SSRI: Half-lives & Implications
Fluoxetine has the longest half-life (~50 hours, with active metabolite ~10 days), reducing withdrawal risk; paroxetine and sertraline have shorter half-lives and higher risk for discontinuation syndrome.
SSRI: Discontinuation Syndrome
Symptoms include flu-like symptoms, insomnia, imbalance, sensory disturbances, and hyperarousal; more likely with short half-life SSRIs like paroxetine; tapering recommended.
Hypnotics: Adverse Effects
Include dizziness, anterograde amnesia, complex sleep behaviors (e.g., sleepwalking), next-day sedation (especially with ER formulations), and rebound insomnia.
Hypnotics: Management Considerations
Use short-term; choose agent based on half-life and sleep complaint (falling asleep vs. staying asleep); consider safety, especially in elderly.
Methylphenidate: Onset of Action
Rapid onset with IR formulations; ER and patch forms provide extended symptom control over the day.
Methylphenidate: MOA
Inhibits reuptake of dopamine and norepinephrine; increases synaptic concentrations of both neurotransmitters.
TCAs: Clinical Indications
Used for depression, chronic pain (e.g., neuropathy), migraine prophylaxis, and insomnia at low doses.
TCA: Adverse Effects
Anticholinergic (dry mouth, constipation), sedation, weight gain, orthostatic hypotension, cardiotoxicity (QT prolongation), and sexual dysfunction.
SSRI: Adverse Effects
GI upset, sexual dysfunction, insomnia, anxiety, headache, weight changes, and QT prolongation (especially with citalopram).
SNRI: Adverse Effects
Similar to SSRIs with additional risks of elevated BP and HR at higher doses (notably venlafaxine); GI distress and sexual dysfunction common.
Atypical Antidepressants: Bupropion
Dopamine/norepinephrine reuptake inhibitor; lowers seizure threshold; minimal sexual dysfunction; contraindicated in eating disorders.
Atypical Antidepressants: Mirtazapine
Increases NE and 5-HT via α2 antagonism; causes sedation, weight gain, increased appetite; fewer sexual side effects.
Antidepressants: Contraindications
MAOIs contraindicated with serotonergic drugs due to serotonin syndrome risk; TCAs avoided in suicidal patients due to overdose lethality.
1st vs. 2nd Gen Antipsychotics
FGAs (e.g., haloperidol): D2 blockade, higher EPS risk.
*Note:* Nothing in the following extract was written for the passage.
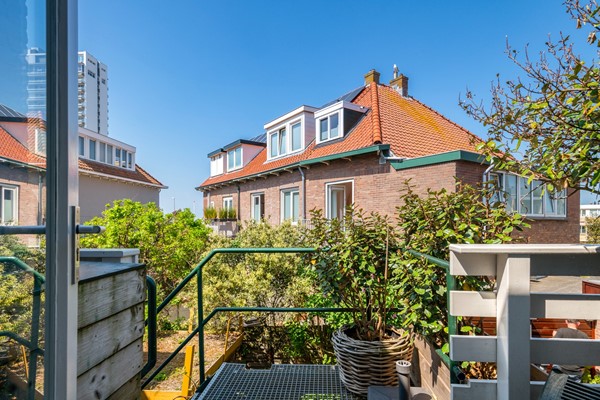 Medium property photo - Secretaris Bosmanstraat 25, 2041 KS Zandvoort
SGAs (e.g., risperidone, olanzapine): D2 + 5HT2A blockade, lower EPS but higher metabolic risk.
Antipsychotics: MOA
FGAs block D2 receptors. SGAs block D2 and 5-HT2A receptors. Some SGAs also act on other receptors (α, histamine, muscarinic).
Antipsychotics: Adverse Effects
EPS (more common in FGAs), metabolic syndrome (SGAs), QT prolongation, sedation, orthostasis, prolactin elevation, and anticholinergic effects.
CYP450 & Antidepressants
Fluoxetine and paroxetine inhibit CYP2D6; fluvoxamine inhibits CYP1A2 and CYP2C19; drug interactions can impact efficacy and toxicity.
Multidrug Regimen Risks
Combining serotonergic agents increases serotonin syndrome risk; combining CNS depressants (e.g., BZDs + opioids) increases sedation and respiratory depression.
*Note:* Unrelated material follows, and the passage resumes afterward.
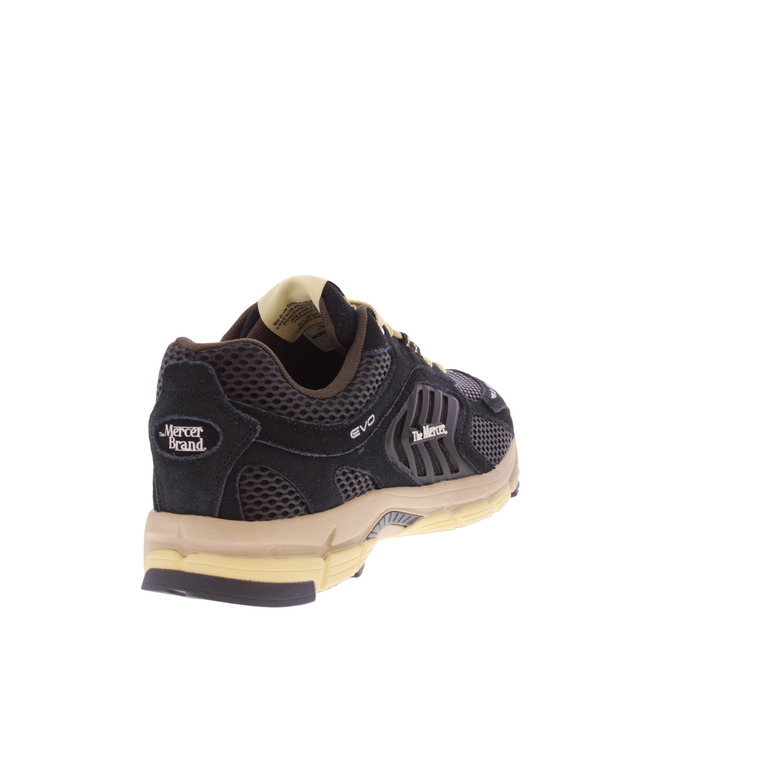 Mercer sneakers grau 4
Depression: First- vs. Second-Line Agents
First-line: SSRIs, SNRIs. Second-line: atypical antidepressants (e.g., bupropion, mirtazapine), TCAs, and MAOIs (last-line due to safety).
Antidepressant Class Indications
SSRIs/SNRIs: depression, anxiety; TCAs: depression, pain; bupropion: depression, smoking cessation; trazodone/mirtazapine: depression + insomnia.
Benzodiazepines: MOA
Enhance GABA-A activity by increasing Cl- channel opening frequency; result in CNS depression, anxiolysis, sedation, anticonvulsant effects.
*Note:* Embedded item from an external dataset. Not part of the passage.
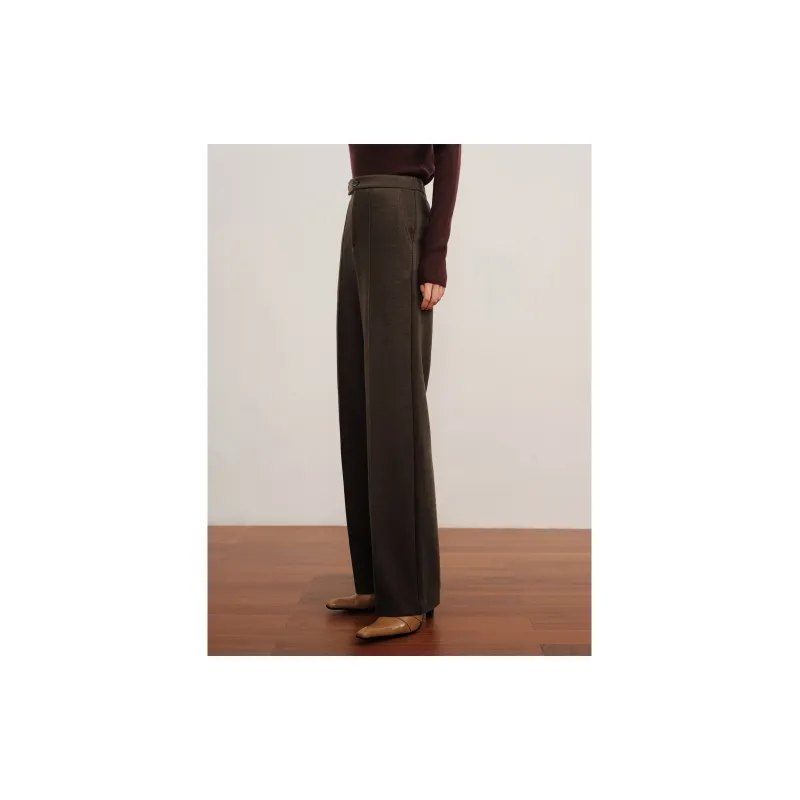 JZ. ANNAKRO Casual Pants Women's-2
Benzodiazepines: Indications
Acute anxiety, panic disorder, alcohol withdrawal, seizure emergencies, muscle relaxation, pre-op sedation, short-term insomnia.
SSRI Withdrawal: General Considerations
Abrupt discontinuation can lead to SSRI discontinuation syndrome: flu-like symptoms, insomnia, imbalance, sensory disturbances, and hyperarousal. Tapering is essential to minimize symptoms.